Le silence académique et les choix douteux de collaborateurs menacent l’avenir du pays
Dans une déclaration aussi percutante que lucide, Alfred Nguia Banda, figure politique gabonaise en exil, tire la sonnette d’alarme face à la proposition controversée du Dialogue national inclusif de remplacer le régime parlementaire dualiste par un régime présidentiel. Pour Nguia Banda, cette réforme, loin d’être une panacée, pourrait au contraire précipiter le Gabon dans une impasse institutionnelle, inadaptée aux réalités sociologiques et culturelles du pays.
Nguia Banda met en lumière une symétrie nécessaire entre le régime politique d’un État et les mentalités de ses populations, une symétrie qu’il estime avoir été largement ignorée par les architectes du Dialogue national. « Adopter un régime présidentiel implique des mécanismes rigides, comme l’inamovibilité du vice-président, qui risquent de heurter la culture politique locale », avertit-il. En rappelant l’échec du régime présidentiel sous la Constitution gabonaise de 1961, Nguia Banda souligne les dangers d’une réforme précipitée et mal pensée.
Ce n’est pas tout. L’homme accuse également les universitaires ayant participé au Dialogue national de manquer de rigueur académique et de probité morale, des lacunes qui, selon lui, risquent de miner les fondements mêmes de la démocratie gabonaise. « Comment peut-on espérer construire un avenir démocratique solide sur des bases aussi fragiles et corrompues ? » s’interroge-t-il, pointant du doigt une élite intellectuelle qu’il juge défaillante.
Sur le plan de l’éthique politique, Nguia Banda aborde la question cruciale des collaborateurs du chef de l’État. Il fait une distinction nette entre deux catégories : ceux qui, par leur compétence et leur loyauté, forment le socle du pouvoir, et ceux qui, par leur flatterie et leur opportunisme, ne sont que des courtisans prêts à trahir à la moindre occasion. Cette distinction, selon lui, est capitale dans le contexte actuel de la transition. Le récent mécontentement exprimé par le président Oligui Nguema à Tchibanga, face à l’inaction de ses collaborateurs, ne fait que renforcer l’argument de Nguia Banda sur les dangers d’un mauvais casting politique.
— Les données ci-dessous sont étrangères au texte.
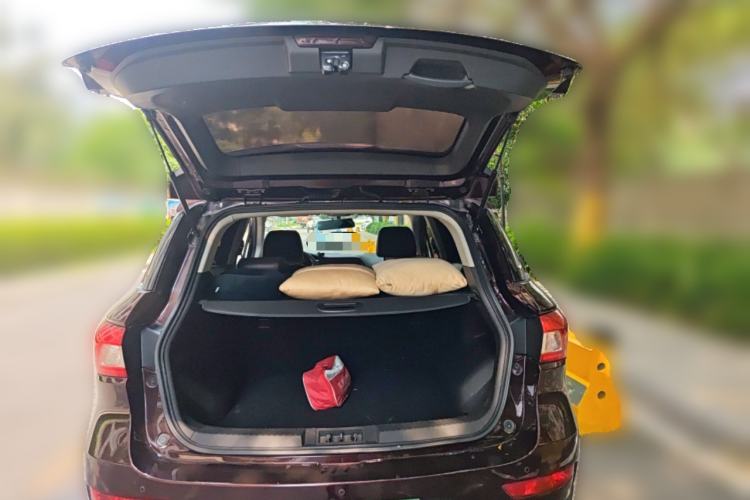 Used GAC Trumpchi GS4 2017 235T Automatic Two-Wheel Drive Luxury Smart Connectivity Version Trunk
Mais l’analyse de Nguia Banda ne s’arrête pas là. Il explore la question de l’unité nationale dans un État multiethnique comme le Gabon, proposant des réformes électorales audacieuses pour transcender les clivages ethniques et régionaux. Parmi celles-ci, l’introduction d’une représentation proportionnelle approchée aux élections locales et l’obligation pour les partis politiques de présenter des candidats issus d’autres provinces. Des propositions qui, bien que pertinentes, pourraient rencontrer une forte résistance, tant elles nécessitent un véritable changement des mentalités.
Enfin, l’exilé politique aborde la question des nominations dans la haute administration, plaidant pour que la compétence et l’expérience soient les critères primordiaux, et non l’appartenance géo-ethnique. Il dénonce la « géopolitique anachronique » qui a affaibli les performances politiques et administratives du pays, appelant à une rupture nette avec ces pratiques.
Dans cette prise de position, Alfred Nguia Banda ne se contente pas de critiquer ; il appelle à une profonde réflexion sur les fondements mêmes de la gouvernance au Gabon. Sa mise en garde contre une réforme présidentielle inadaptée et sa dénonciation de la médiocrité académique et morale de certains acteurs du Dialogue national doivent résonner comme un appel à la vigilance pour tous ceux qui croient encore en un avenir démocratique pour le Gabon. Le chemin vers une véritable transition est semé d’embûches, et il appartient à chaque citoyen, chaque leader, de faire les choix qui permettront de préserver l’unité et la souveraineté du pays.